This lets the Apache server continue with its processing chain (including possibly compressing the output).


5.2.3 Exposing the method

In order to allow methods in the script to be hidden, only those functions specifically exposed to the outside world can be called by clients. Publishing information about the function is done as follows:

PYTHON
methods_list={'echo':echo}
methods_sig= {'echo':['string,string',
                     'int,int',
                     'double,double',
                     'boolean,boolean',
                     'array,array',
                     'struct,struct']}


The methods_list variable is a dictionary, with a string, 'echo', identifying the method, and the callable method object that we defined ealier as data.

The methods_sig is another dictionary that describes the echo method signature, with its data being a list of possible arguments and return values. Each list element is a comma-separated string, with the first value being the type of thereturn value, and the folowing values are the types of the arguments. E.g.:

['string,string']

is a list with one element for a method that takes a string as argument, and returns a string.

In the case of the echo method is polymorphic, and each argument type is the same as the return type.

5.2.4 The full example

The full example would then look like this:

PYTHON
from mod_python import apache
import clarens_util

def echo(req,method_name,args):
    """Returns the method argument"""
    response=clarens_util.build_response(req,method_name,args)
    req.write(response)
    return apache.OK

methods_list={'echo':echo}
methods_sig= {'echo':['string,string',
                     'int,int',
                     'double,double',
                     'boolean,boolean',
                     'array,array',
                     'struct,struct']}



5.3 Debugging

There are two ways of debugging server modules: traditional printf-style messages that are recorded in the log file, or using the command line Python debugger.


5.3.1 Python debugger

Put the directive
PythonEnablePdb On
in the configuration file
$opkg_root/etc/clarens-config/httpd/clarens-server-default.conf.

Then start the Apache server with only one process:
$opkg_root/sbin/httpd -X -f /opt/openpkg/etc/apache2/httpd.conf
Any requests to mod_python handler will cause the Python debugger prompt to appear on the terminal where the server was started from.

Remember to remove the PythonEnablePdb On again when debugging is finished, otherwise an error will be reported by the server as follows:
Handler 'clarens_server' returned invalid return code.

5.3.2 Automatic tracebacks

As of version 0.6.9 of the clarens-server package, any exceptions generated by the server during the execution of the server-side module code above will be reported to the client. The amount of information returned depends on the value of the PythonDebug directive in the server configuration. The value of this directive can be set using the clarens-server-config utility described in section 2.3.2.

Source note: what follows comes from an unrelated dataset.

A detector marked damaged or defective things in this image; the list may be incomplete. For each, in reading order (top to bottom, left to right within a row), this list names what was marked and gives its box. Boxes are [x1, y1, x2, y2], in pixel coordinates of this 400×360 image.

If debugging is turned on a traceback of the code, along with the called identity and client machine IP address is sent back. Consider the code snippet below, which uses the standard Python xmlrpclib module:

PYTHON
try:
  dbsvr.newservice.amethod("example")
except xmlrpclib.Fault,v:
  print v.faultString


The code tries to call the newservice.amethod server-side method. Imagine that the code that implements the module contains generates a division by zero error. In that case the above code could print something like the following:

output
Error in method call newservice.amethod made by
/DC=org/DC=doegrids/OU=People/CN=Conrad Steenberg 178947 from IP 127.0.0.1
Traceback (most recent call last):
  File "/opt/openpkg/share/apache2/clarens/system/__init__.py", line 1712,
in exec_method
    return method_object(req,method,args)
  File "/opt/openpkg/share/apache2/clarens/newservice/__init__.py", line 33,
in amethod
    sys.stderr.write(1/0)
ZeroDivisionError: integer division or modulo by zero


This would give the service developer engough information to know that there is a problem in line 33 of the code for the newservice module.

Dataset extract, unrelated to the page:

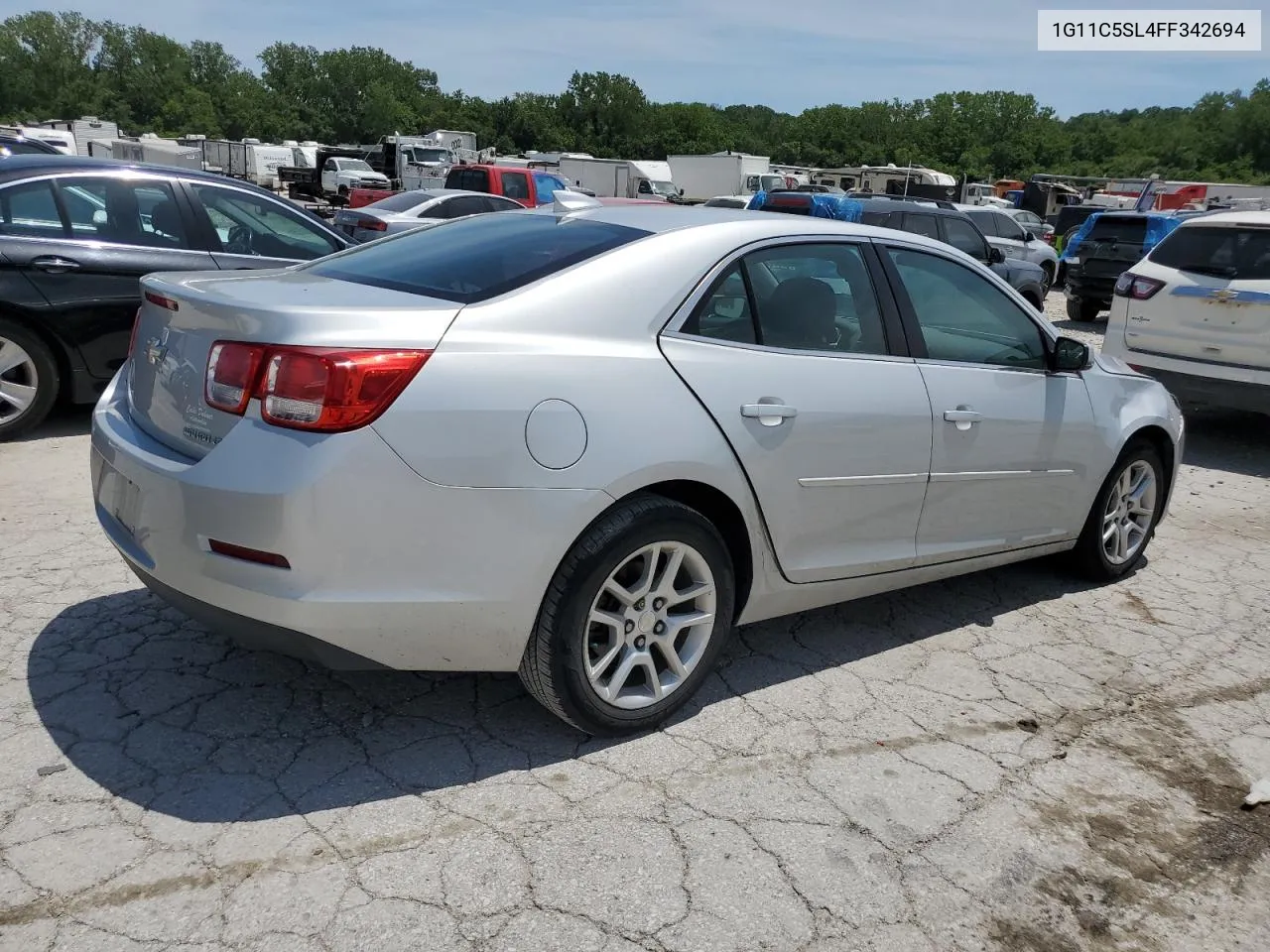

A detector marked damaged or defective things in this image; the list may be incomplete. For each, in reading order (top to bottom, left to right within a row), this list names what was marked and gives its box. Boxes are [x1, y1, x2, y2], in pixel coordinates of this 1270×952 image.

cracked concrete ground [2, 299, 1270, 952]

The raw XML message looks like this:

XML
<?xml version="1.0"?>
<methodResponse>
        <fault>
                <value>
                        <struct>
                                <member>
                                        <name>faultCode</name>
                                        <value><int>400</int></value>
                                </member>
                                <member>
                                        <name>faultString</name>
                                        <value><string>
Error in method newmodule.amethod made by
/DC=org/DC=doegrids/OU=People/CN=Conrad Steenberg 178947 from IP 127.0.0.1
Traceback (most recent call last):
  File "/opt/openpkg/share/apache2/clarens/system/__init__.py", line 1712,
in exec_method
    return method_object(req,method,args)
  File "/opt/openpkg/share/apache2/clarens/newmodule/__init__.py", line 33,
in amethod
    sys.stderr.write(1/0)
ZeroDivisionError: integer division or modulo by zero
</string></value>
                                </member>
                        </struct>
                </value>
        </fault>
</methodResponse>


If the PythonDebug directive is turned off, the output will look like this:

output
integer division or modulo by zero


This is obviously not very helpful for the developer, but does hide some information from any potential attackers.

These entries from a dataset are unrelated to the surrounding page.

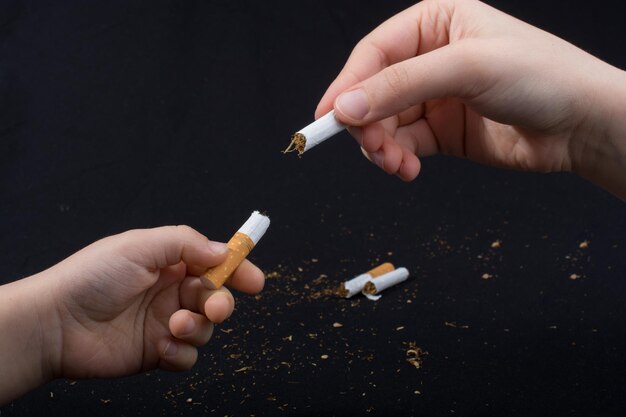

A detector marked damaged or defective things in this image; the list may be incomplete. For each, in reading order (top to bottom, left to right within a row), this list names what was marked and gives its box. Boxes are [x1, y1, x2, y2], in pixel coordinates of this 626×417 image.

torn cigarette end [282, 132, 306, 155]
broken cigarette [282, 109, 346, 155]
snapped cigarette half [282, 109, 346, 155]
torn cigarette end [284, 109, 346, 155]
broken cigarette [200, 211, 268, 290]
snapped cigarette half [200, 211, 268, 290]
torn cigarette end [200, 211, 268, 290]
broken cigarette [336, 262, 394, 298]
snapped cigarette half [338, 262, 392, 298]
torn cigarette end [338, 262, 392, 298]
broken cigarette [360, 266, 410, 300]
snapped cigarette half [360, 268, 410, 300]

5.4 Handling exceptions with build_fault

It is also possible for the service to generate its own fault responses using the clarens_util.build_fault method inside a try - except clause:

PYTHON
    try:
      response=clarens_util.build_response(req,method_name,args)
    except:
      response=clarens_util.build_fault(req,method_name,
                apache.HTTP_BAD_REQUEST,
               "Bad request echo %s"%(mod_name,args))
    req.write(response)
    return apache.OK


The arguments of the method is build_fault(req,method_name,error_code,error_string). Always return apache.OK from the function, otherwise Apache will generate its own error message in text/html format, which may not be handled elegantly by all clients. If you do not want to supply your own error handling code, the Clarens server will also catch exceptions, and send a generic error message to the client.

5.5 Service initialization

The usual mode of operation for the mod_python module is for so-called handlers to be called once a request is received by the server that matches the requirements set in the configuration file. This may mean that the Python module that implements the handler is only imported once such a request is received.

The Clarens server augments this behaviour by also having the service modules be imported upon server startup to allow some initilization to be done if needed. Some examples of this includes populating a database of known services and methods, starting a process that advertises the services offered using the a discovery service, and making sure the file and method access control lists are loaded in the database for quicker access.

The logical way for services to initialize global variables, database connections etc. would be to put the initilization code in the module's global name space, so that it can be executed when the module is imported. The reality is that each module may be imported multiple times, e.g. by the main Clarens server as well as by other server modules.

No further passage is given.